We run several FDB clusters using 3-DC replication and have never once lost data. I remember when we wanted to replace all of the FDB hardware (one cluster) in AWS, and so we just doubled the cluster size, waited for data shuffling to calm down, and just started axing the original hardware. We did this all while performing over 100K production TPS.
One thing that makes the above seamless for all existing connections is that clients automatically update their "cluster file" in the event that new coordinators join or are reassigned. That alone is amazing...as you don't have to track down every single client and change / re-roll with new connection parameters.
Anyway, I talk this database up every chance I get. Keep up the awesome work.
- A very happy user.
Given these primitives, you or other engineers can write higher level APIs on top (e.g. sql, search, etc). In fact, we make extensive use of their RecordLayer  library which provides a strongly consistent schema based write process using Protobuf. This includes on-write-consistent indexes. Apple has also open-sourced a MongoDB API  compliant interface that allows you to get all the consistency guarantees from FDB, but with an API interaction of MongoDB.
The beauty of FDB is that the primitives are done in such a rock solid fashion, you can write higher level APIs without having to worry about the really hard stuff (transactions, failures, config errors, testing, simulation, etc). Another example is that CouchDB is switching their back-end to use FDB for their 4.0 release.
Given that the database sorts data lexicographical...to us, it became a natural fit for an online (always-mutable) time-series database.
If you want more insight in how we use it, I go over it in some detail towards the end of my keynote  from last August.
> I ran FoundationDB Key-Value Store through every nemesis in Jepsen - including those that found failures in other databases - and FoundationDB passed all of them with flying colors.
FoundationDB is one of the coolest pieces of technology I've used in the past decade. The tuple keyspace is incredibly useful, so are the multi-key transactions.

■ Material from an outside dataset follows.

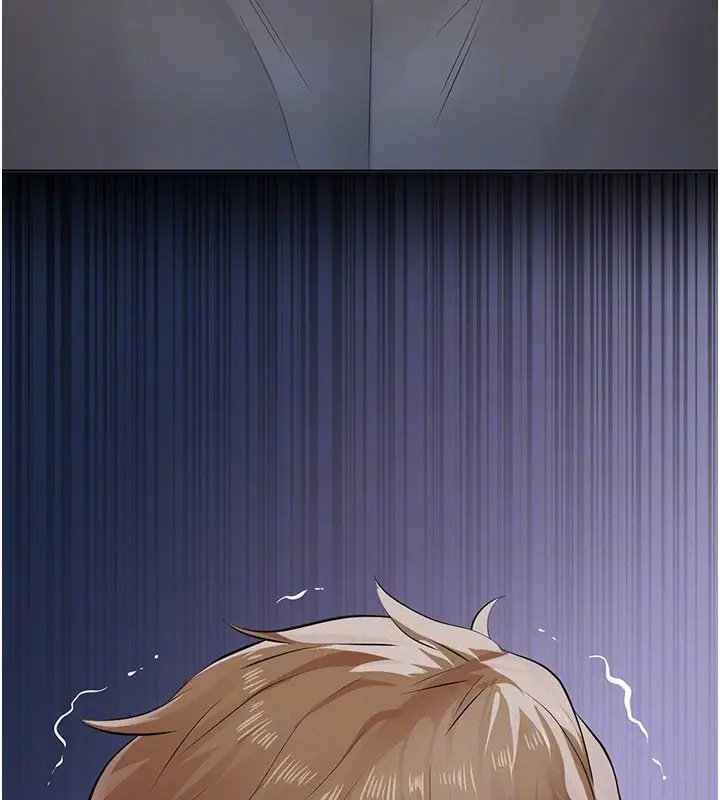漫画《义父》第6话第105张图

I've physically killed the power on an FDB node and FDB cluster; multiple times (heh, home servers)... and every time the cluster or node just comes back.
Having someone other than those officially on the Jepsen project run the Jepsen test is a good start. However, many databases have claimed to run the Jepsen tests themselves and pass, but when there is an actual paid engagement for a distributed database there are always issues that are found. That's generally true even for unpaid official runs as well although Zookeeper did pass existing tests. Every database is different and the paid engagement will design specific tests designed to break the database in question.
"Rigorous correctness testing via simulation makes FDB extremely reliable. In the past several years, CloudKit  has deployed FDB for more than 0.5M disk years without a single data corruption event. Additionally, we constantly perform data consistency checks by comparing replicas of data records and making sure they are the same. To this date, no inconsistent data replicas have ever been found in our production clusters."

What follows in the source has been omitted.